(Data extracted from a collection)

----

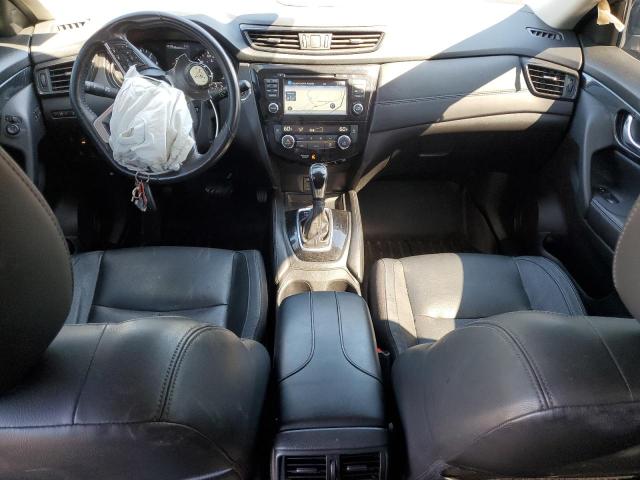 2017 NISSAN ROGUE S JN8AT2MVXHW279368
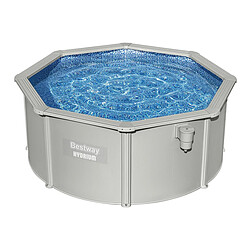 Acheter Piscine acier ronde Hydrium 3,00 x 1,20 cm - Bestway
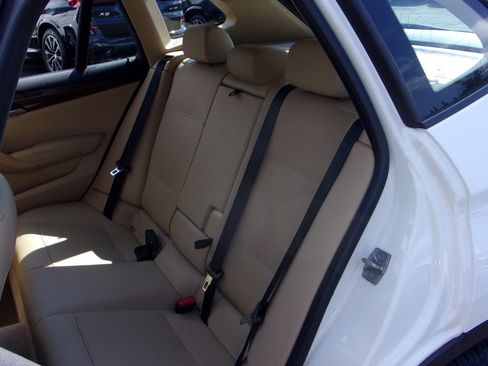 Used 2014 BMW X1 xDrive28i AWD/4WD image 23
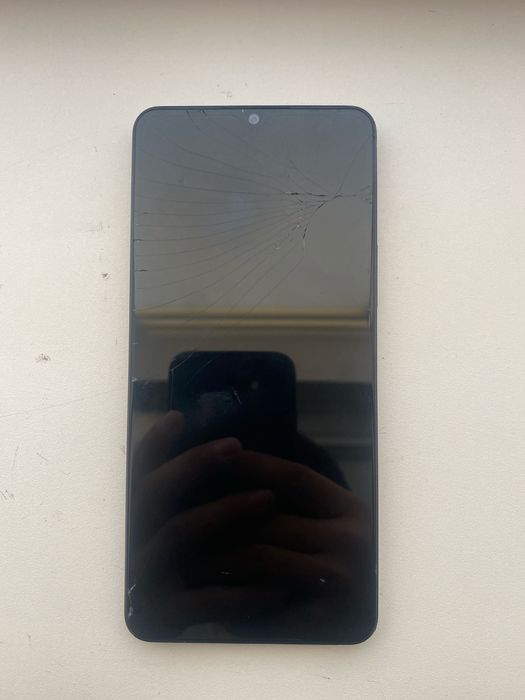 Vivo y27s 128gb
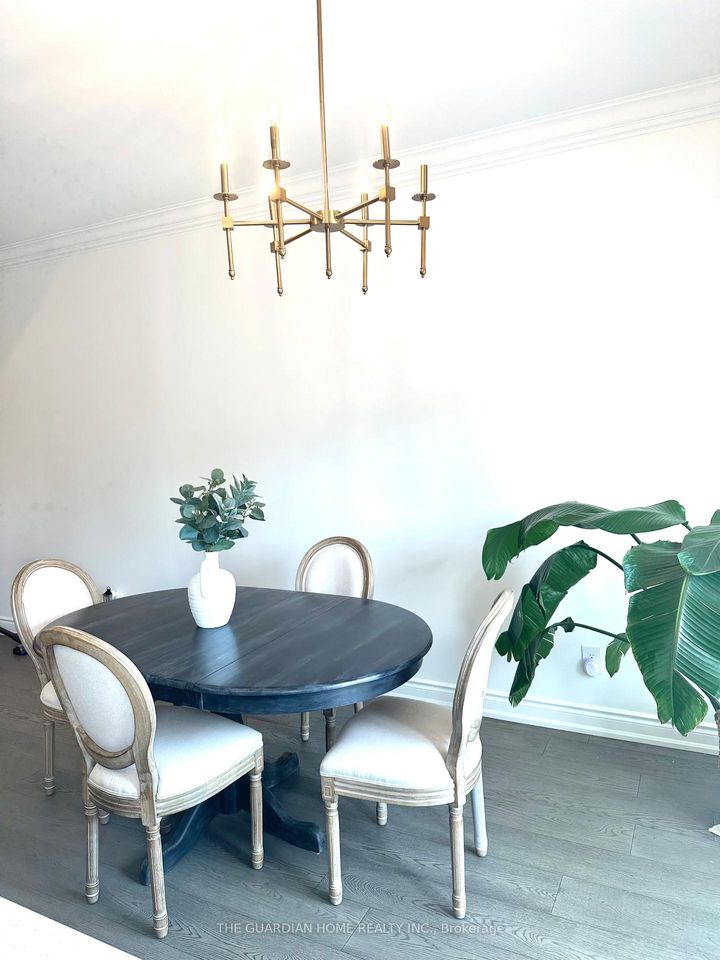 Photo 6 at 35 - 3057 Finch Avenue W, Humbermede, Toronto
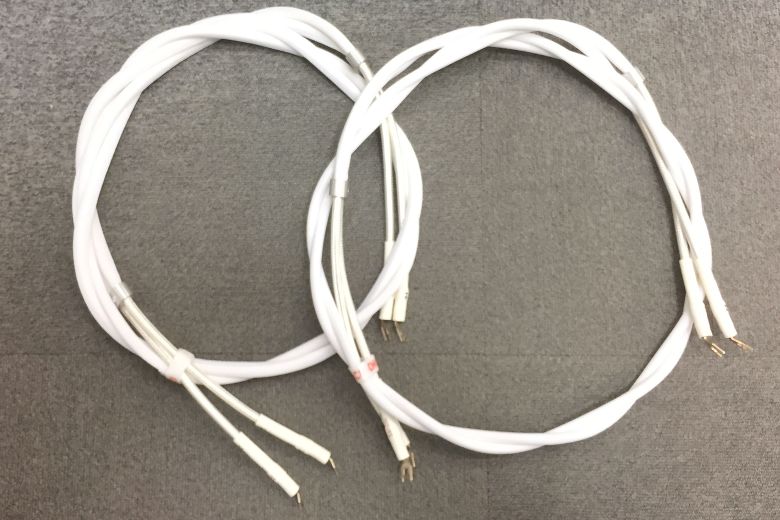 THE CHORD COMPANY SARUM Speaker Cable/2.0m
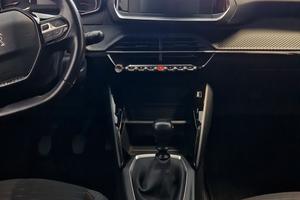 Peugeot 208 1.5 hdi active 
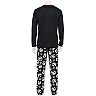 Men's Jammies For Your Families® The Nightmare Before Christmas Pajama Set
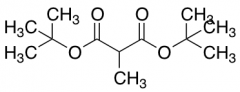 1,3-Di-tert-butyl 2-methylpropanedioate
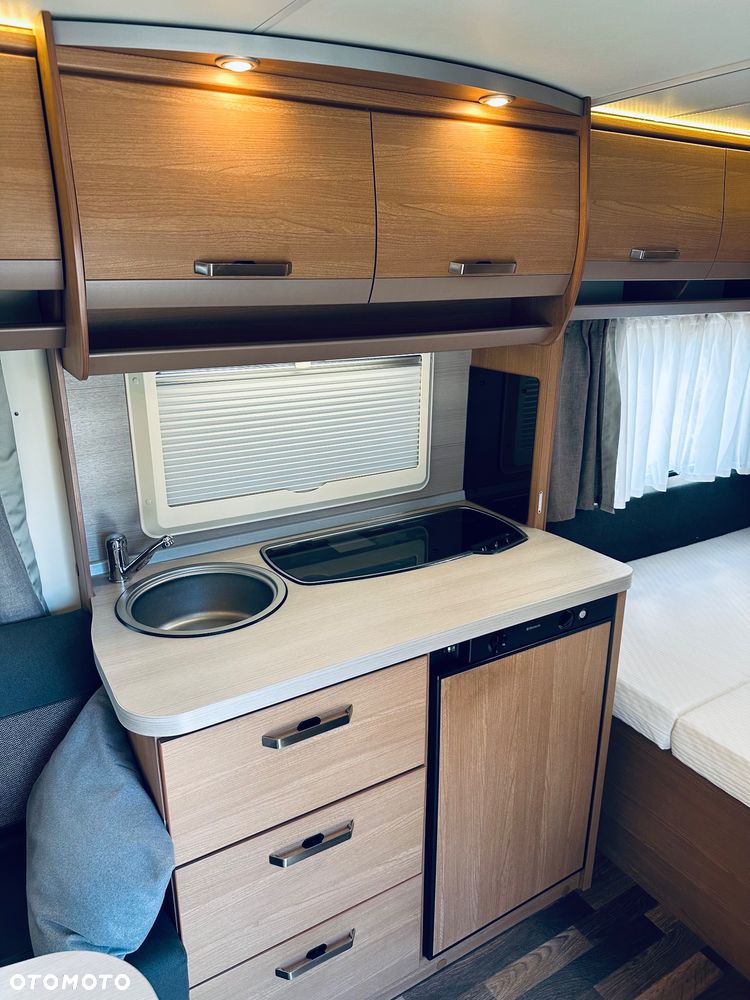 KNAUS 450 FU - 13
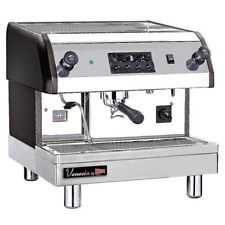 Cappuccino & Espresso Equipment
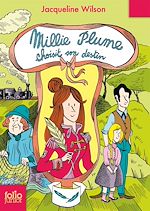 Download this eBook Millie Plume (Tome 3) - Millie Plume choisit son destin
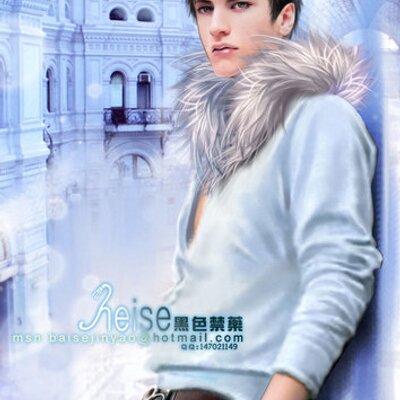 Profile Picture of Carl Johnsen (@AliJohnsen) on Twitter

----

INSTRUCTIONS FOR THE TASK =
Begin with the line that contains "Acheter Piscine acier" and repeat every line through the end of the data, exactly and only those lines, leaving out the pictures.

OUTPUT FOR THIS EXERCISE =
 Acheter Piscine acier ronde Hydrium 3,00 x 1,20 cm - Bestway
 Used 2014 BMW X1 xDrive28i AWD/4WD image 23
 Vivo y27s 128gb
 Photo 6 at 35 - 3057 Finch Avenue W, Humbermede, Toronto
 THE CHORD COMPANY SARUM Speaker Cable/2.0m
 Peugeot 208 1.5 hdi active 
 Men's Jammies For Your Families® The Nightmare Before Christmas Pajama Set
 1,3-Di-tert-butyl 2-methylpropanedioate
 KNAUS 450 FU - 13
 Cappuccino & Espresso Equipment
 Download this eBook Millie Plume (Tome 3) - Millie Plume choisit son destin
 Profile Picture of Carl Johnsen (@AliJohnsen) on Twitter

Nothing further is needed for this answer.